I think that this might do the job. 
http://www.türstopper-schiebetüren.de/


----------



## rowley (May 14, 2005)

Found the translated version
http://translate.google.co.uk/trans...iNAg&sa=X&oi=translate&ct=result&resnum=1&ved


----------



## peaky (Jul 15, 2009)

apparently you need something called a stopsy look up panel van conversions on here for the link will do just what you want.


----------



## rowley (May 14, 2005)

The above website is for the Stopsy.


----------



## betsy (Oct 8, 2007)

My thanks to all for their response.
The Stopsy looks like it does the job - such a simple device. I assume that the door with the device fitted, still can open to its full width and that the door roller just ramps up and over and can then latch on the normal catch. Please can anyone confirm that is the case. 
Thanks again
Colin


----------



## peejay (May 10, 2005)

Hi Colin,

I posted about the Stopsy last year, its at the bottom of the first post in this thread...

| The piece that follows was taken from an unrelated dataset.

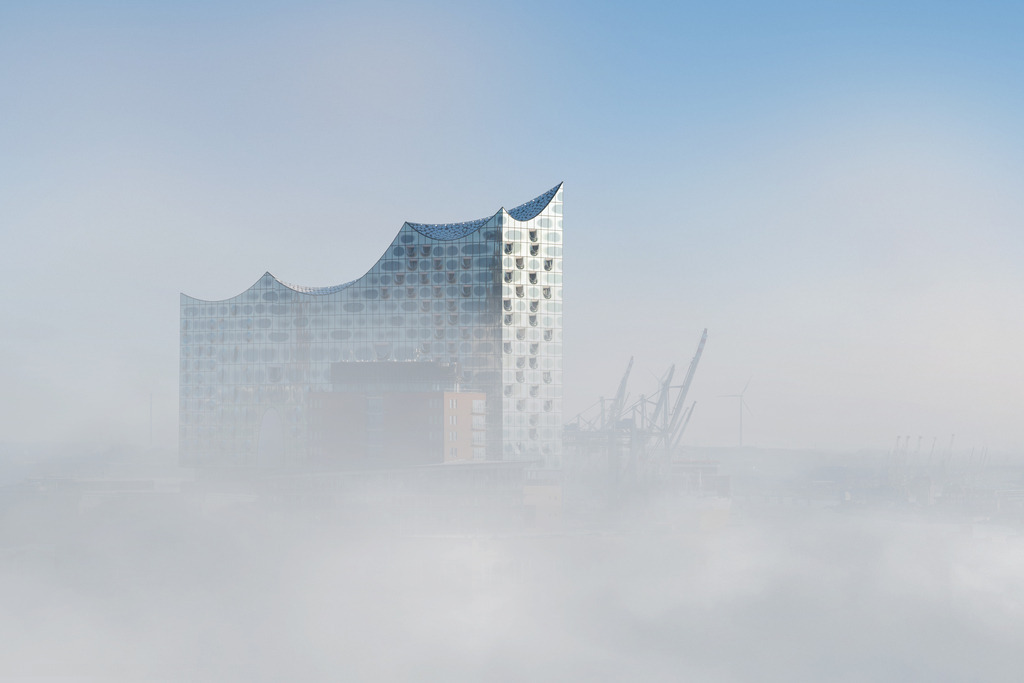 10260109 - Nebelphilharmonie II | Die Elbphilharmonie zwischen Nebelschaden.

http://www.motorhomefacts.com/ftopicp-933091.html#933091

Also if you look at the very last post in the thread one of our members 'GeoffCrowther' has got one of these, have a look at his blog, might be worth PM'ing him for further info....

http://amotorhomelife.blogspot.com/p/modifications-and-personalisation-of.html

Pete


----------



## betsy (Oct 8, 2007)

Thank you all for your advise and assistance - looks like I will consider buying one.

Colin


----------